Tuesday, December 8, 2009

Albany independent midwives' contract terminated by King's College Hospital

The Guardian has reported that London's King's College Hospital has terminated its contract with the Albany group of independent midwives, 'alleging that a disproportionate number of the babies it delivered suffered damage during the birth.'

It says that 'King's decided to terminate the contract after commissioning a report from the Centre for Maternal and Child Enquiries (CMACE) [and it] is believed the investigation was triggered by the death of Natan Kmiecik, one week after he was delivered at Kings by one of the Albany midwives. His mother, who did not speak English, had a caesarean for the birth of her first baby but wanted a natural birth for her second. Her lawyers claimed proper procedures were not followed, because the baby's heartbeat was monitored only by a small hand-held device so she could have a water birth.'

Low levels of medical intervention
While a very positive aspect of the Albany group is its aim for all women to be delivered by a midwife they have built up a relationship with during their pregnancy, it is now in question whether some of its other policies (namely, enbcouraging - almost 50% rate - home births and reduced medical intervention) provide best practice care.

'King's says babies delivered by Albany midwives had higher rates of hypoxic ischaemic encephalopathy brain damage caused by lack of oxygen and lack of blood flow to the brain - than those delivered by midwives it employs directly over the last two and a half years.'

This story reminds me of a UK medical study from 2004, which assessed 540,834 live births and stillbirths in 65 maternity units. It found that a ‘higher intervention score and higher number of consultant obstetricians per 1000 births were both independently and significantly associated with lower stillbirth rates' (Joyce et al, UK, 2004), so it is unsurprising to me that a practice of minimal intervention by the Albany group is reported to have led to negative health outcomes.
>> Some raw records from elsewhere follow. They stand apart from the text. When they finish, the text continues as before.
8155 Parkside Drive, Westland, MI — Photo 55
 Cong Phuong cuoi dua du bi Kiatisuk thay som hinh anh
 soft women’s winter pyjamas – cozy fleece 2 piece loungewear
Clearly, those women who have enjoyed positive experiences at this midwifery practice are angry and sad to hear this news, and I do have some sympathy for them. But I think it is safe to assume that it was not their precious baby who fell between the cracks and suffered injury (or death) during a planned vaginal delivery.

Otherwise, they might well be interested in reading the Canadian study I blogged about yesterday, which found that 'life-threatening infant morbidity is lower with planned cesareans'.